* TASK INSTRUCTIONS *
Lines holding the word "options" are the ones to copy from the data below.
*** RECORD EXTRACTS ***
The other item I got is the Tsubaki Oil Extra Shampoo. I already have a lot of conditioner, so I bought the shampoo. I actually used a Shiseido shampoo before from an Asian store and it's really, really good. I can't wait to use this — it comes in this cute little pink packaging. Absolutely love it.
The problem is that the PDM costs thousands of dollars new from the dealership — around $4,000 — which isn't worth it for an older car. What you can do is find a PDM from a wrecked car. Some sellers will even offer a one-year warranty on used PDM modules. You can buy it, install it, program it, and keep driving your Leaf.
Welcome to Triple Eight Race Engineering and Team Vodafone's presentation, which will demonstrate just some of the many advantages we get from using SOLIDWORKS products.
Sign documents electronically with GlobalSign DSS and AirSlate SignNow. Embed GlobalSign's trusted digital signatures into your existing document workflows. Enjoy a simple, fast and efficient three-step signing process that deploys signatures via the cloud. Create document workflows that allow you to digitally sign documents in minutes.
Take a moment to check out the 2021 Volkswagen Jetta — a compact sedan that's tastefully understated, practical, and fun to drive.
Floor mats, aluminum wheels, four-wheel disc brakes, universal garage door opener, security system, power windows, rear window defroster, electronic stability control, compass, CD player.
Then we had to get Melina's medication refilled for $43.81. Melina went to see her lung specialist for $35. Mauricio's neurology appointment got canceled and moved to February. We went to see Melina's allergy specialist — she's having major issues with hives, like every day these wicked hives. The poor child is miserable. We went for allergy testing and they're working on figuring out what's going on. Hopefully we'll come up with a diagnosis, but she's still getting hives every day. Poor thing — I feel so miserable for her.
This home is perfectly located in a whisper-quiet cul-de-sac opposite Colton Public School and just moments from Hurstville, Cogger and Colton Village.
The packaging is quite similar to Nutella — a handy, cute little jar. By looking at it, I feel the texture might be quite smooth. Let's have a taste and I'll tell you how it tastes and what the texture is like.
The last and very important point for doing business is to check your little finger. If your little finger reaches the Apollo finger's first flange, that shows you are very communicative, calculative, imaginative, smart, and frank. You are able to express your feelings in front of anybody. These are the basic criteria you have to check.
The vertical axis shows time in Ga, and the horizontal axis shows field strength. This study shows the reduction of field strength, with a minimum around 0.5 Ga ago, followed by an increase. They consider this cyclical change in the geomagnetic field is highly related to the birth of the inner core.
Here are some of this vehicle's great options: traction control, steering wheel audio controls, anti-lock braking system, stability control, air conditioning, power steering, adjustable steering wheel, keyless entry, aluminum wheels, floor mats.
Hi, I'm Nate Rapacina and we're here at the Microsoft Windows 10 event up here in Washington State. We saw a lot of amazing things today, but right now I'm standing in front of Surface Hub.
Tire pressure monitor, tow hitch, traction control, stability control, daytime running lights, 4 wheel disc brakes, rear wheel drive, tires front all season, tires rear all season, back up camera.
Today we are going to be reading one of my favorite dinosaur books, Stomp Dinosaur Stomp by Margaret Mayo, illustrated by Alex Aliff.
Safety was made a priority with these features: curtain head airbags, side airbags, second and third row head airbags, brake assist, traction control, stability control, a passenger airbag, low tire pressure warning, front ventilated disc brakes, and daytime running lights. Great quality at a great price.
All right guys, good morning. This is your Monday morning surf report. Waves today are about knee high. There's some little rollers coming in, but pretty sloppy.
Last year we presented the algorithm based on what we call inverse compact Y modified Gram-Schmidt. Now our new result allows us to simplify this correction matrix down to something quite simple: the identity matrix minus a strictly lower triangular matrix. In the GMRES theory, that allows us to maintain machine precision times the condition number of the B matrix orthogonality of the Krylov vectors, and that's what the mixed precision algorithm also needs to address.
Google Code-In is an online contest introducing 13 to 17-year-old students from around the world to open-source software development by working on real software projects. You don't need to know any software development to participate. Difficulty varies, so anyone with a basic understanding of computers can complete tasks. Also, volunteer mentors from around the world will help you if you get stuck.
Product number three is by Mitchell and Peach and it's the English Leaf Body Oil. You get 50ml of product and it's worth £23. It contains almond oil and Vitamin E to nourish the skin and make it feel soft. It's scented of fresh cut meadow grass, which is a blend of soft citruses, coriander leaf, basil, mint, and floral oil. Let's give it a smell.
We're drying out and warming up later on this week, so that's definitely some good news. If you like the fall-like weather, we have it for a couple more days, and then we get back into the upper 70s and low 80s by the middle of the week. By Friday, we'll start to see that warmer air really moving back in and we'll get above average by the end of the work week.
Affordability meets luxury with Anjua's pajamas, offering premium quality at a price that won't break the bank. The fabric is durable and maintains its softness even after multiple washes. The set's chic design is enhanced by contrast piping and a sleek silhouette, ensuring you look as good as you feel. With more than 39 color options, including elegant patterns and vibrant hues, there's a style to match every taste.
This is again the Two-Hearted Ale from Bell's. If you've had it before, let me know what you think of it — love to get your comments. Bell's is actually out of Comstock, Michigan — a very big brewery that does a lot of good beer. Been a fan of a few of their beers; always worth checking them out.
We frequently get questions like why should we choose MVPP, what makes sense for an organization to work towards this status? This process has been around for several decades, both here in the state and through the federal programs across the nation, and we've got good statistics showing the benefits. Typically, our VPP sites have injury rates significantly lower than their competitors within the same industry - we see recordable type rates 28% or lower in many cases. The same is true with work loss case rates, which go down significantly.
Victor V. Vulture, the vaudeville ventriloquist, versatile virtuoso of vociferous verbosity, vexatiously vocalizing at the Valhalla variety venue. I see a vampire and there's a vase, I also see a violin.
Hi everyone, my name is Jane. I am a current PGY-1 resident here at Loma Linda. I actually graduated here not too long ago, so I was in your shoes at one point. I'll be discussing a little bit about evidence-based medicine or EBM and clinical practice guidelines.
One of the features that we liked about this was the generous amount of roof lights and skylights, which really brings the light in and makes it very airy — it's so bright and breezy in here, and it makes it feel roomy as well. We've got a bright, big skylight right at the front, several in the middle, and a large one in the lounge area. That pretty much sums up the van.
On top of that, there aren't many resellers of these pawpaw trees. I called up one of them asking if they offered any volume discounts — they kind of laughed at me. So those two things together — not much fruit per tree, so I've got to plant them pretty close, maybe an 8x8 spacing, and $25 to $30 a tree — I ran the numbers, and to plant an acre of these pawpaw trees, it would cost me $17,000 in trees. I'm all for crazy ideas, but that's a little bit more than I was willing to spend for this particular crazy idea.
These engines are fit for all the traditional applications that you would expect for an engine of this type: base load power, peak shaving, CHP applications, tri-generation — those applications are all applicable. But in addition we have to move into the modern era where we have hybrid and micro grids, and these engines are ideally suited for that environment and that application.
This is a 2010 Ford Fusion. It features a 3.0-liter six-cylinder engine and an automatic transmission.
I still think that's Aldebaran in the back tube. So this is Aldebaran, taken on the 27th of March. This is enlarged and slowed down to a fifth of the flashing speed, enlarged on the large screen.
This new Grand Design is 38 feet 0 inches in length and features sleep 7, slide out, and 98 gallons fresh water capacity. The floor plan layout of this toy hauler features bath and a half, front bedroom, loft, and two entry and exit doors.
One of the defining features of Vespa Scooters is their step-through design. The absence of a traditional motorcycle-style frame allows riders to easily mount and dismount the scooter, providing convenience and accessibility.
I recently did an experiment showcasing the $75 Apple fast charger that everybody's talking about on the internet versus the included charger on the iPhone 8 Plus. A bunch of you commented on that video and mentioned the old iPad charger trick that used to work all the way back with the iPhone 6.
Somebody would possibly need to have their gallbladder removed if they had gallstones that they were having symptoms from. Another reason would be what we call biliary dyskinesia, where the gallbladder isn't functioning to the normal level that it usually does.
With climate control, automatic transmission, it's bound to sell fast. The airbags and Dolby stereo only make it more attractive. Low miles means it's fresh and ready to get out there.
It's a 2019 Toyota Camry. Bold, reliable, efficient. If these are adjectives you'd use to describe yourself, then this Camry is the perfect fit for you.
*** End of RECORD EXTRACTS ***
* WRITTEN SOLUTION *
Here are some of this vehicle's great options: traction control, steering wheel audio controls, anti-lock braking system, stability control, air conditioning, power steering, adjustable steering wheel, keyless entry, aluminum wheels, floor mats.
Affordability meets luxury with Anjua's pajamas, offering premium quality at a price that won't break the bank. The fabric is durable and maintains its softness even after multiple washes. The set's chic design is enhanced by contrast piping and a sleek silhouette, ensuring you look as good as you feel. With more than 39 color options, including elegant patterns and vibrant hues, there's a style to match every taste.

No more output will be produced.